Als das Öl schon fließt, lasse ich mir die Schraube zeigen. Ihr Vierkantansatz ist total demoliert. Deswegen, behauptet der Tankwart, habe er so große Schwierigkeiten gehabt. Nachdem die Schraube wieder sitzt und das neue Öl eingefüllt ist, zahlen wir. Dann schaue ich noch einmal unter den Wagen und kontrolliere: Das Schutzblech gegen Steinschlag ist wieder dran, und alles ist trocken. Also fahren wir weiter.
Es geht über die Grenze nach Italien, und schon bald, auf der Höhe
von Sterzing, machen wir an einer Raststätte Pause. Als wir nach
einer Brotzeit frisch gestärkt zum Wagen zurückkommen, hat sich
unter unserem Auto ein großer Ölfleck gebildet, und aus dem
Motor tropft stetig Öl auf den Boden. Bis zum Gardasee wird es schon
noch halten, hoffen wir, und setzen unsere Fahrt fort.
Und wirklich, wir kommen gut an. Nicht weitvon unserem Urlaubsquartier
gibt es eine Renault-Werkstatt, die wir natürlich gleich ansteuern.
Dort stellt sich heraus, daß das innere Schraubprofil der Ablaßschraube
völlig flachgeklopft ist.
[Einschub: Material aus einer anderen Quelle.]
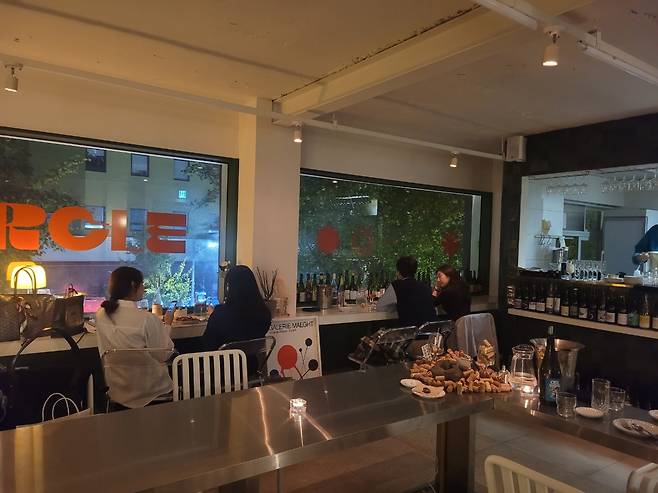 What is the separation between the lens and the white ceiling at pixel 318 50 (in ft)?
7.91

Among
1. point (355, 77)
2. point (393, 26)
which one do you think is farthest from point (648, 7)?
point (355, 77)

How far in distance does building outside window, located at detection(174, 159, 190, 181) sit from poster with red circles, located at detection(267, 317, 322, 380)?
1.42 metres

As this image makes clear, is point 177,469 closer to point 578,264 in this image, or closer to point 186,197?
point 186,197

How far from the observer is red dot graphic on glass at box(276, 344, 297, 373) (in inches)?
158

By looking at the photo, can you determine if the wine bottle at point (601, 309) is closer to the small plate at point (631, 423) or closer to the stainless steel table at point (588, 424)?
the stainless steel table at point (588, 424)

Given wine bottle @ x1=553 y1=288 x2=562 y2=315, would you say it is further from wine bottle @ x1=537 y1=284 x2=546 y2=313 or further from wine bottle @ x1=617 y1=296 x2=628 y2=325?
wine bottle @ x1=617 y1=296 x2=628 y2=325

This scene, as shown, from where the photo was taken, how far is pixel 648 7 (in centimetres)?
227

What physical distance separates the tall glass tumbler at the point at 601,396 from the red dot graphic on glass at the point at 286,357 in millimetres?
2505

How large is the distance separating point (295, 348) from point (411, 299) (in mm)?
1063

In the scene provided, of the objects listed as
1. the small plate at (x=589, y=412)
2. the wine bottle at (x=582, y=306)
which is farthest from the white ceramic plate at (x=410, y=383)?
the wine bottle at (x=582, y=306)

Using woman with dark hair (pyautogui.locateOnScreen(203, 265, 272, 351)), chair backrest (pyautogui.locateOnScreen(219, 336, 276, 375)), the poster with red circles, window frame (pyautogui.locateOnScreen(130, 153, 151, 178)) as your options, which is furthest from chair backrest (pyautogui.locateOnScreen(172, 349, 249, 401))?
window frame (pyautogui.locateOnScreen(130, 153, 151, 178))

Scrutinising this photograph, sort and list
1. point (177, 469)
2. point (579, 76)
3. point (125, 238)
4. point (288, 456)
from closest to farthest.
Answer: point (177, 469) < point (288, 456) < point (579, 76) < point (125, 238)

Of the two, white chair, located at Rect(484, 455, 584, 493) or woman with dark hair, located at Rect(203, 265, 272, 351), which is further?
woman with dark hair, located at Rect(203, 265, 272, 351)

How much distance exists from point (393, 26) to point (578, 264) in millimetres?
3484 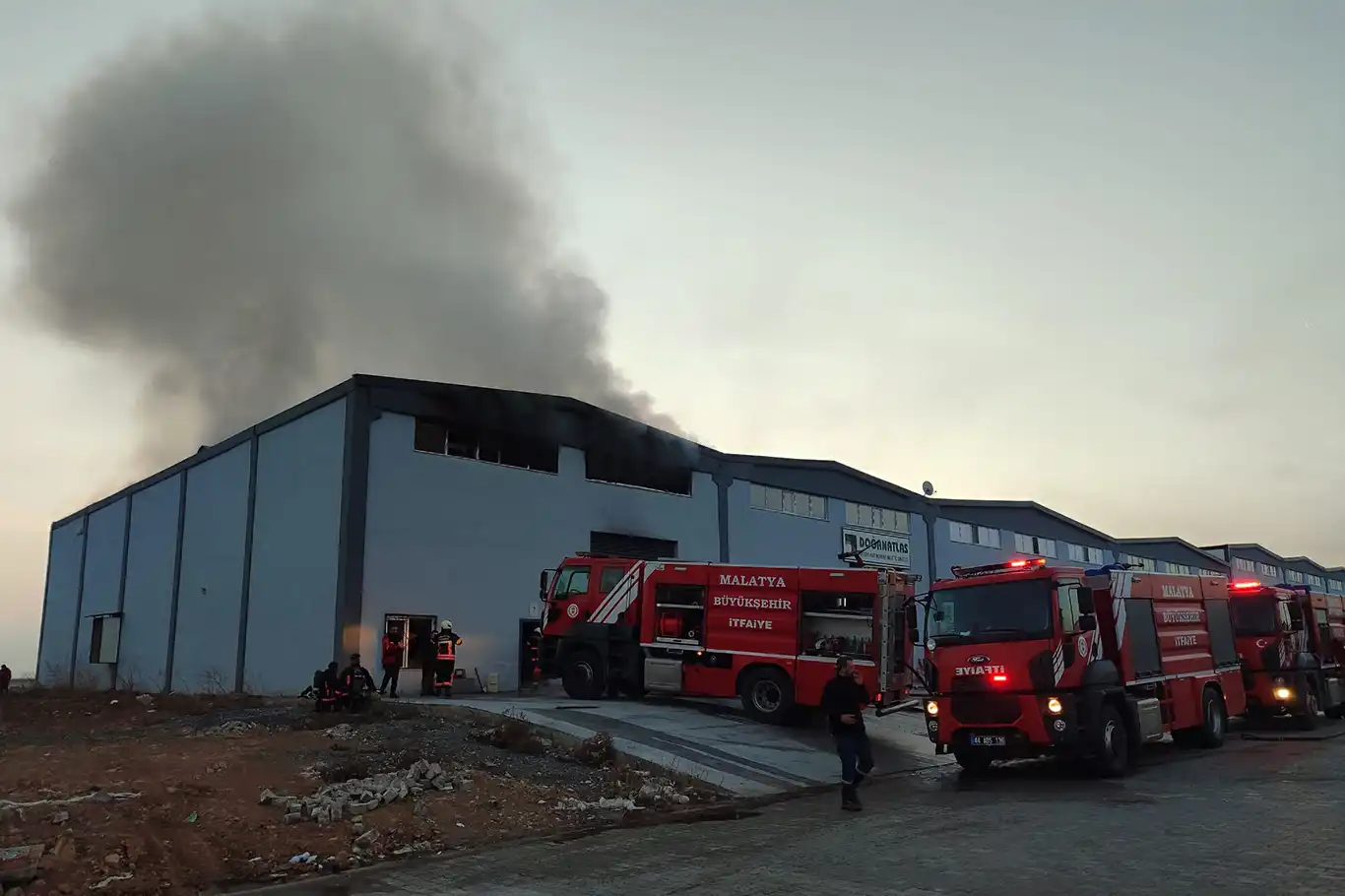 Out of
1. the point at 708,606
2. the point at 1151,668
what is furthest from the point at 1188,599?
the point at 708,606

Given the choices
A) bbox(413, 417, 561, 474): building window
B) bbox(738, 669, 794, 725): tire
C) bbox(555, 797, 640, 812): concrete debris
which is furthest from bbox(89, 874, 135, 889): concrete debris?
bbox(413, 417, 561, 474): building window

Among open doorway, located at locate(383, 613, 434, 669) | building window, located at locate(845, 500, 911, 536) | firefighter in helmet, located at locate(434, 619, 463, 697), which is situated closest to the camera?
firefighter in helmet, located at locate(434, 619, 463, 697)

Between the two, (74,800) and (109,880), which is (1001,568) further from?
(74,800)

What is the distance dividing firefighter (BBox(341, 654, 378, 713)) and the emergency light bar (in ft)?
34.8

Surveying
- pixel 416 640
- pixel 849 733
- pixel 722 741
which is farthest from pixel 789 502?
pixel 849 733

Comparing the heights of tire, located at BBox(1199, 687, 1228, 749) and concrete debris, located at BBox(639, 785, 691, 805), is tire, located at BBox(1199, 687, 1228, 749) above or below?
above

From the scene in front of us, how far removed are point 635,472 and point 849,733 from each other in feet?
59.9

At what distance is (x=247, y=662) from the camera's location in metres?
25.2

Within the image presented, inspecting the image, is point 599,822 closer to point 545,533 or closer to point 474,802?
point 474,802

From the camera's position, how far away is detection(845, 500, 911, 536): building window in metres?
38.0

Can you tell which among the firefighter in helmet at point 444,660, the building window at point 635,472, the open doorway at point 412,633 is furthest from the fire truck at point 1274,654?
the open doorway at point 412,633

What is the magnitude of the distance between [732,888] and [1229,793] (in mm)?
7075

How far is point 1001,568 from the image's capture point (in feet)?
43.9

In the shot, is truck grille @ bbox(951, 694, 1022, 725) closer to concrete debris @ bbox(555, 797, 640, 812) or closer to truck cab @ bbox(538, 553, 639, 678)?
concrete debris @ bbox(555, 797, 640, 812) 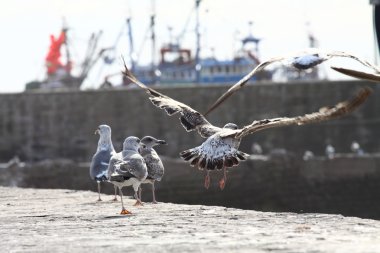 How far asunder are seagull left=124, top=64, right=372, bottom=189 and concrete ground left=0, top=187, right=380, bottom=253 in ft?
1.76

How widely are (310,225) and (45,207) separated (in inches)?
165

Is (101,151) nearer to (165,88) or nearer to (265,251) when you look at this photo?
(265,251)

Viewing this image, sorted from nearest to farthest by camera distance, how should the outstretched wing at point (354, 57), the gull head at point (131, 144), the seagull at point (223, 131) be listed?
the seagull at point (223, 131), the outstretched wing at point (354, 57), the gull head at point (131, 144)

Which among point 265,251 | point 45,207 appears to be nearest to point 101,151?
point 45,207

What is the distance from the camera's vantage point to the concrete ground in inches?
313

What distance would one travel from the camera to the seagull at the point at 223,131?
28.9ft

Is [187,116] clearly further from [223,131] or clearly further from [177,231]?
[177,231]

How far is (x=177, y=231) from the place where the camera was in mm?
9086

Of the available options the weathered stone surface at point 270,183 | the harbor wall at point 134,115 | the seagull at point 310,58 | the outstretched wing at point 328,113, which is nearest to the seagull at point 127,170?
the seagull at point 310,58

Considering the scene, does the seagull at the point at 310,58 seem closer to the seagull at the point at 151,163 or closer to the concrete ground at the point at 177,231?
the concrete ground at the point at 177,231

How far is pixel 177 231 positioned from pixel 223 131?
8.37 feet

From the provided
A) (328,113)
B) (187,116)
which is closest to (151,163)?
(187,116)

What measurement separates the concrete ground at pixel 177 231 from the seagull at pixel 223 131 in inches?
21.1

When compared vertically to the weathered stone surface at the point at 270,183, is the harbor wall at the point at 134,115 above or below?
above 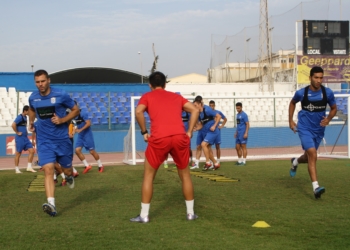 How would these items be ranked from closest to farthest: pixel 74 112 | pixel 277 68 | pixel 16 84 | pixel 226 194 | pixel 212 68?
1. pixel 74 112
2. pixel 226 194
3. pixel 16 84
4. pixel 277 68
5. pixel 212 68

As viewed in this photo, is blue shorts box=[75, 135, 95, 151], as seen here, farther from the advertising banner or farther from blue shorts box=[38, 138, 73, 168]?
the advertising banner

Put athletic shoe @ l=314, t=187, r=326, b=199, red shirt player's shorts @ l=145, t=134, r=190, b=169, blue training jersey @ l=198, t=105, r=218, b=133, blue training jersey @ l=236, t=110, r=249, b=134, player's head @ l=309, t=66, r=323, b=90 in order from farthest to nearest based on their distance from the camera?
1. blue training jersey @ l=236, t=110, r=249, b=134
2. blue training jersey @ l=198, t=105, r=218, b=133
3. player's head @ l=309, t=66, r=323, b=90
4. athletic shoe @ l=314, t=187, r=326, b=199
5. red shirt player's shorts @ l=145, t=134, r=190, b=169

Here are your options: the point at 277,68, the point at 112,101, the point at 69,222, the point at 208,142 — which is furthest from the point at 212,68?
the point at 69,222

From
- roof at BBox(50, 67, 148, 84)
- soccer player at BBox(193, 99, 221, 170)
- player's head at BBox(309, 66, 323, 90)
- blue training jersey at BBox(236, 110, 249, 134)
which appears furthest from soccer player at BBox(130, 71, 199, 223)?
roof at BBox(50, 67, 148, 84)

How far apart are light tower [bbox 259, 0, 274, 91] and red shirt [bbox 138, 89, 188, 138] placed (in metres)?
29.8

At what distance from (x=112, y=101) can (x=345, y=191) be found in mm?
20742

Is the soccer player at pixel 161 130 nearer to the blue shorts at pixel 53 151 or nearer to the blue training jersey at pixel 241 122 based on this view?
the blue shorts at pixel 53 151

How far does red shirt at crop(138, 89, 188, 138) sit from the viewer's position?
654 cm

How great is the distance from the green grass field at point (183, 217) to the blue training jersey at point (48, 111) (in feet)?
3.79

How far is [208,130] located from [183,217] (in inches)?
338

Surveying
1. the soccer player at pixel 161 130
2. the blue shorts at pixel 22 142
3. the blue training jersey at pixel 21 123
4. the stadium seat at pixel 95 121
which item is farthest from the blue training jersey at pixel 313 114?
the stadium seat at pixel 95 121

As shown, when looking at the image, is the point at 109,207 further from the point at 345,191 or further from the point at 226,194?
the point at 345,191

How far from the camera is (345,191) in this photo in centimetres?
945

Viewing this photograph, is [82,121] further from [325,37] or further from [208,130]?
[325,37] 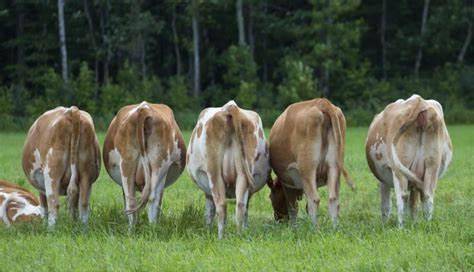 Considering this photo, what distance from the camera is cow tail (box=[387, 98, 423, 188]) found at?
9844 mm

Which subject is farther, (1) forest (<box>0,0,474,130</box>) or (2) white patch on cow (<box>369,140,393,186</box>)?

Klar, daß da das Öl herausfließt.
Das waren Hammer und Schraubenzieher unseren "netten" Tankwarts
in Österreich.
Zwischen Steinschlagschutz und Ölwanne hat er ein Bündel alter Lappen geklemmt, die logischerweise mit Öl durchtränkt sind. Eine richtige Schweinerei. Er hat genau gewußt, daß er die Schraube kaputtgemacht hat. Also klemmte er die Lappen unters Auto, damit kein Öl tropfte, solange wir uns an seiner Tankstelle aufhielten. Der Ölwechsel selbst, war mit Sicherheit auch nicht nötig.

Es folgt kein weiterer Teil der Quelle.